12. The method of claim 11, wherein the index value is a measure of
energy of the respective portion.
13. The method of claim 9, wherein the energy comprises one of: a
number of non-zero transform domain coefficients in the respective
portion, a number of transform domain coefficients having a value
of zero in the respective portion, and an average or total of a
modulus of the transform domain coefficients of the respective
portion.
14. The method of claim 1, wherein the selection of the reference
portion is based on a determination of a number of bits that would
be required in the encoded bitstream to encode the target image
portion.
15. The method of claim 11, wherein the selection of the reference
portion from amongst the candidate portions is based on a
determination of a number of bits that would be required in the
encoded bitstream to encode the target image portion relative to
each of the candidate portions.
16. The method of claim 14, wherein the determination of the number
of bits required to encode the target portion takes into account
the number of bits required for the difference data and the number
of bits required for the side information.
17. The method of claim 1, comprising: including a flag in said
bitstream indicating whether or not reference portions are
signalled by reference to said table.
18. The method of claim 1, wherein each of said image portions is a
block, macroblock or sub-block.
19. The method of claim 1, wherein some image portions of said
video signal are encoded by means of said look-up table, and other
image portions of said video signal are encoded by means of a
super-resolution scheme whereby a higher-resolution image can be
reconstructed at the decoder based on signalling of actual or
simulated motion of lower-resolution units.
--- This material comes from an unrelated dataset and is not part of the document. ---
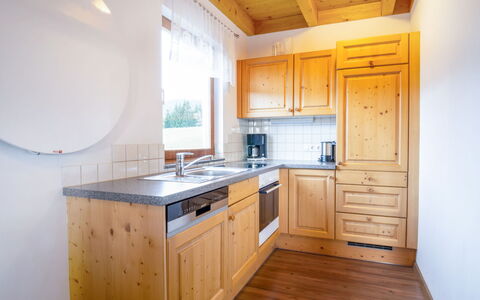 Eben im Pongau 603: Cabinetry, Countertop, Sink, Tap, Furniture, Kitchen Sink, Building, Drawer, Kitchen, Interior Design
20. The method of claim 1, wherein one or more of said subset of
reference portions are for predicting a scaling or rotation of the
target image portion.
21. An encoder for encoding a video signal for transmission,
comprising: an input for receiving a video signal comprising a
plurality of video frames, each frame being divided into a
plurality of image portions; processing apparatus configured, for
each of a plurality of target ones of said image portions to be
encoded, to select a respective reference portion, and generate
difference data for the target image portion relative to the
respective reference portion; wherein the processing apparatus is
further configured, during ongoing encoding of the video signal, to
generate a table identifying a subset of commonly usable reference
portions and transmit an indication of the table to a decoder; and
the encoder further comprises an output module configured to
generate an encoded bitstream comprising the difference data
together with side information identifying the selected reference
portions by reference to an entry in said list, and transmit the
encoded bitstream to the decoder.
22. (canceled)
23. An encoder program product for encoding a video signal for
transmission, the encoder program product comprising software
embodied on a computer-readable medium and being configured so as
when executed on a processor to: receive a video signal comprising
a plurality of video frames, each frame being divided into a
plurality of image portions; for each of a plurality of target ones
of said image portions to be encoded, select a respective reference
portion, and generate difference data for the target image portion
relative to the respective reference portion; during ongoing
encoding of the video signal, generate a table identifying a subset
of commonly usable reference portions and transmitting an
indication of the table to a decoder; and generate an encoded
bitstream comprising the difference data together with side
information identifying the selected reference portions by
reference to an entry in said table, and output the encoded
bitstream for transmission to the decoder.
24. (canceled)
25. A bitstream encoding a video signal comprising a plurality of
video frames, each frame being divided into a plurality of image
portions, the bitstream comprising: difference data for a plurality
of said portions to be predicted from respective reference
portions, an indication of a table identifying a subset of commonly
used reference portions, and side information identifying the
reference portions by reference to entries in the table.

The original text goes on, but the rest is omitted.